My husband’s mother and stepdad (Eve and Keith) came up to help us paint. His stepdad has done a lot of painting and was able to tell us what we needed to buy at Home Depot. And we bought a LOT of stuff. You can see some of our supplies here (probably about a quarter of what we actually bought), including the wet vac my husband’s mom bought because she could no longer deal with the dust around the radiators:
Once we got started, Keith schooled us on the basics: washing the walls, filling the cracks, sanding the dried crack filler, taping, cutting in, etc. Being that I was mostly imagining myself rolling away at the walls all day, this was quite an education. Finally, they let me at the walls and I was very pleased:
It was during this initial rolling that Keith uttered the phrase that would get us through the rest of the weekend: “You’ll want it to look perfect, but it ain’t.” I think I repeated that to myself 20 times during the office painting alone.
An full 24 hours later and the bedroom was finally done. Well, except for the doors which we removed and will paint sometime next weekend.
By the way, it’s kind of amazing that people just don’t bother removing the switch plates before painting, considering how easy it is. There was green paint all over those plates. Strange. Did I mention that there is a ceiling fan in every single room of the house? Including the bathroom? Yeah.
Next was the office. Eve and Keith left us alone for the office and who could blame them? Let’s face it, painting two rooms in one weekend is a bit like participating in some cruel experiment.

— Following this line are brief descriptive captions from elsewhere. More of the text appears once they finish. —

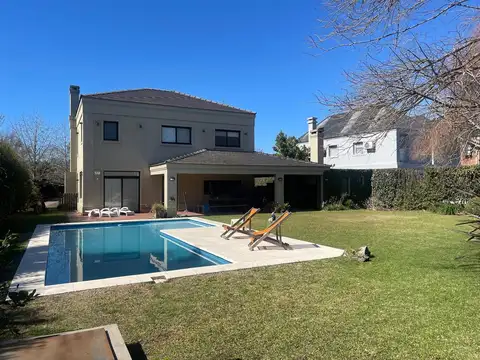 Casa en Venta en Belen de Escobar, USD 365.000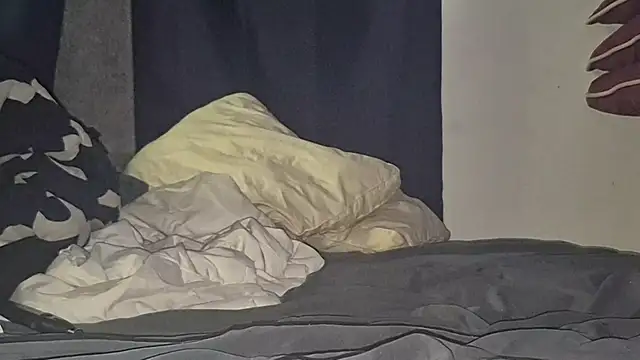 suzyswallowsxxx704 online show from 11/15/25, 06:59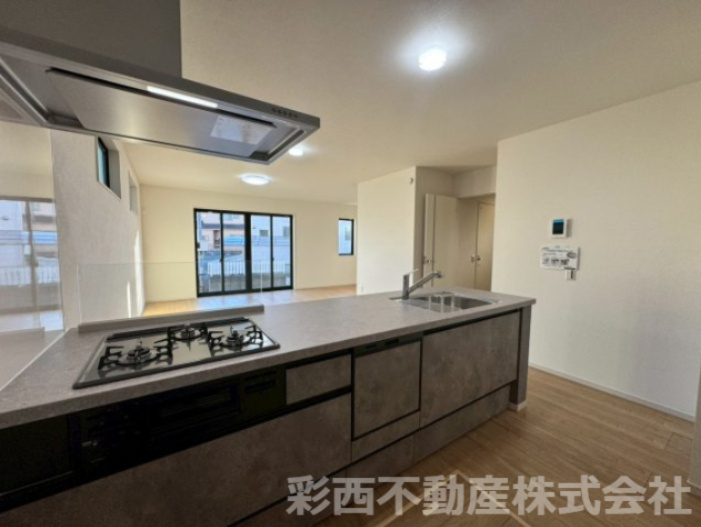 所沢市上新井 新築一戸建のキッチン|キッチンからリビング全体を見渡せるっていいですよね。ご家族とのコミュニケーションも弾みます！お洒落なカフェスタイルキッチンは、圧迫感がなく開放的な空間でお料理ができます☆
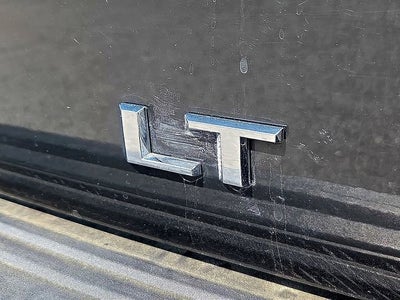 2025 Chevrolet Suburban LT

The office was a huge challenge. The walls were a mess and the ceiling was even worse. I think my husband spent 2 hours just filling cracks. There was also a wallpaper border at the top that was insanely difficult to remove. My triceps got the best workout ever while I was chipping away at that wallpaper. After all that, we did put primer on this room because of all the imperfections. Here’s the husband “cutting in”:
There was just no way to finish this room. Not without jumping out the window anyway. So, we still have the trim to do, the doors, and another coat on the blackboard wall. But still, I’m pretty happy with the results in both rooms. Plus, I have a MUCH better idea of what goes into painting a room and will certainly never plan to do two rooms in one weekend ever again.
Lighting novice is putting it mildly. My husband and I have cared so little about the lighting in our NYC apartment that I’m sitting here right now typing this post under some of the most hideous yellowish overhead lighting imaginable. I refuse to let that happen in our new house. We’re going to get lamps, I promise. But, we’re also interested in installing recessed lighting in the living room. The problem? We have no idea how to do it. I mean, that’s okay, we can follow the instructions in our new handy dandy Home Depot book. But, our new living room has a ceiling with no overhead lighting at all. It’s a fully finished ceiling. This may seem like a completely asinine question to anyone who has ever done…well, ANY home improvement work at all, but I don’t get it. If you want to install recessed lighting in a room with no overhead lighting, how on earth do you know where to make the holes?
I know this must be a stupid question, I just know it. But, I’m not too proud to ask it.
I’ve started this blog to share the design projects/problems we’re sure to face with our recently-purchased home and to hopefully get some advice, suggestions, admonishments, etc. from people who love interior design or those who, like me, are just newbies at this whole thing.
After years of living in various Manhattan apartments, we’ve gone and bought ourselves a house in NJ. A whole house. Yay! But, also, yikes. Our current apartment is just 4 rooms (counting the bathroom) and has the dreaded living room/kitchen combo. I don’t even think you could call it a kitchen, really. I love to cook, so this “kitchen” has been the bane of my existence for the past 5 years (as I’m sitting on my couch typing this, I look up to see my tiny stove staring back at me. Stupid stove.) You’d think that 5 years in a place would lead to some attempt at decorating, but you would be wrong. I guess I’ve always looked at this apartment as a transitional space and so I never really wanted to bother going too far in decorating it. That’s probably a silly reason, but I’m often silly and always stubborn.
So now we’ve bought a house that has an actual kitchen (though it does need to be redone), a living room, dining room, 1.5 baths, an attic, a basement and 3 bedrooms. And a sort of porch room which I just have no idea what to do with. That’s a whole lot of house when you’re used to having your refrigerator within reaching distance during Ugly Betty.
I’m hoping this blog will help me organize our projects before and after we move in. Our first step is buying this book. When one of your first questions upon seeing a basement is, “which one is the furnace?”, you know you need help.